Crawled caption data:
● ● ●

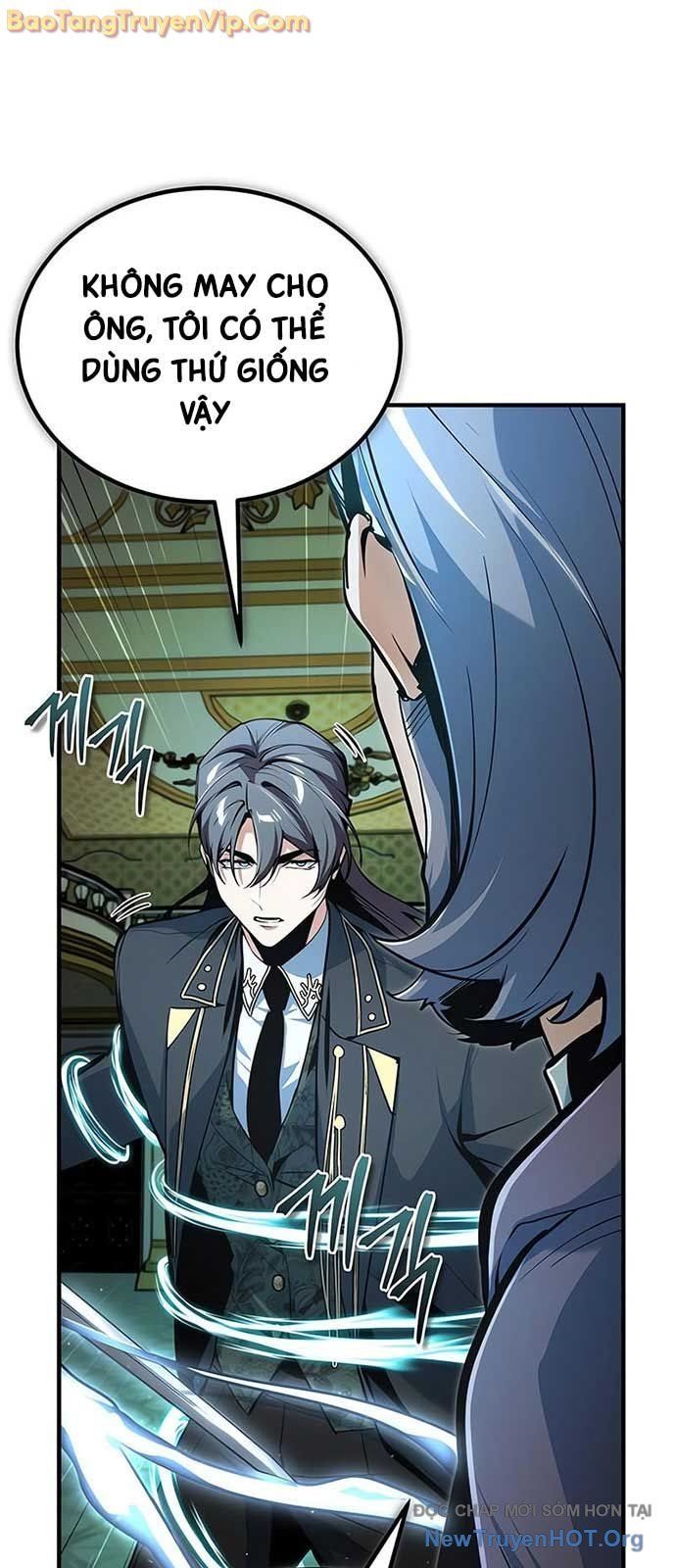 đọc truyện Giáo Sư Gián Điệp Chương 126 ảnh 44 tại Thiên Thai Truyện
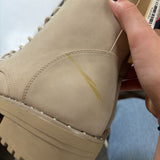 DOLCE VITA WOMEN'S FOOTWEAR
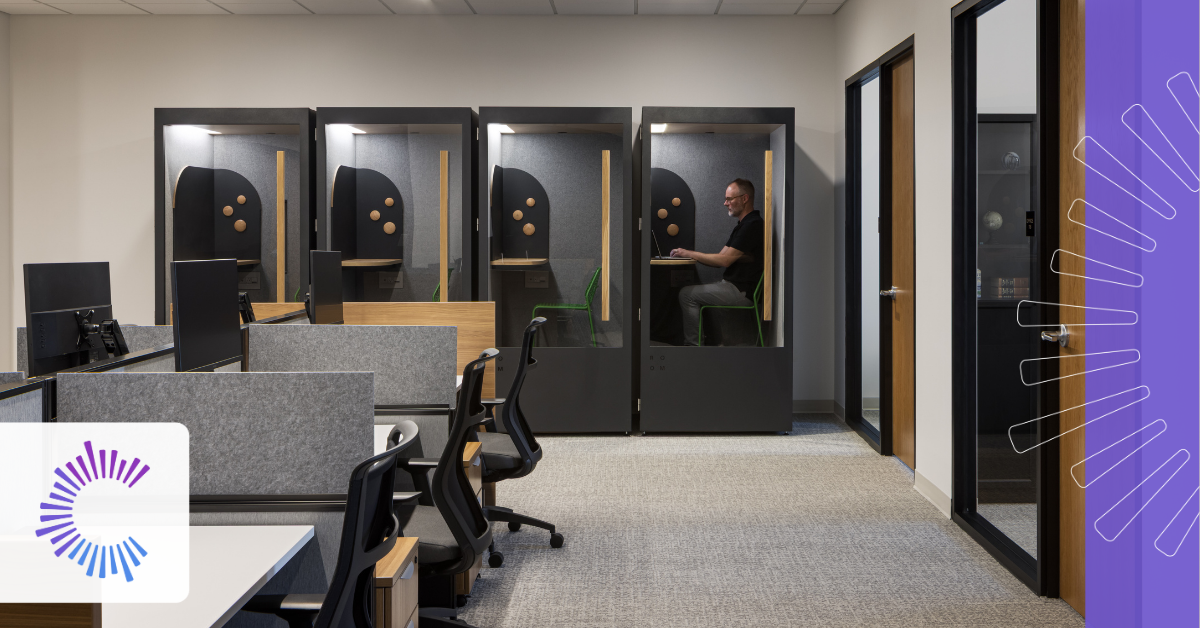GO Topeka Link Innovation Labs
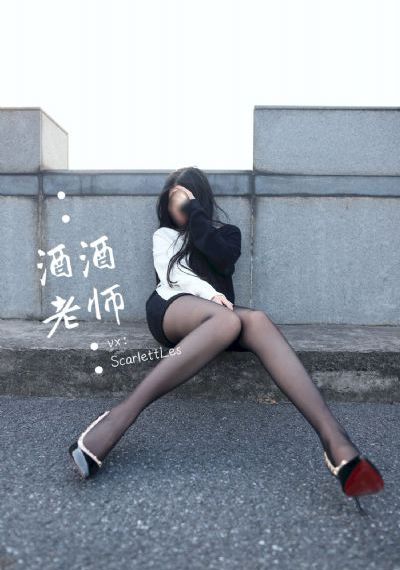 《金瓶艳史》在线播放_1080天堂在线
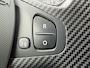 Renault Captur 1.2 TCe Helly Hansen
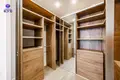 Квартира 3 комнаты 118 м² Минск, Беларусь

● ● ●

From the first line to the last, please copy the data exactly, with the pictures left out.

Response =
 đọc truyện Giáo Sư Gián Điệp Chương 126 ảnh 44 tại Thiên Thai Truyện
 DOLCE VITA WOMEN'S FOOTWEAR
GO Topeka Link Innovation Labs
 《金瓶艳史》在线播放_1080天堂在线
 Renault Captur 1.2 TCe Helly Hansen
 Квартира 3 комнаты 118 м² Минск, Беларусь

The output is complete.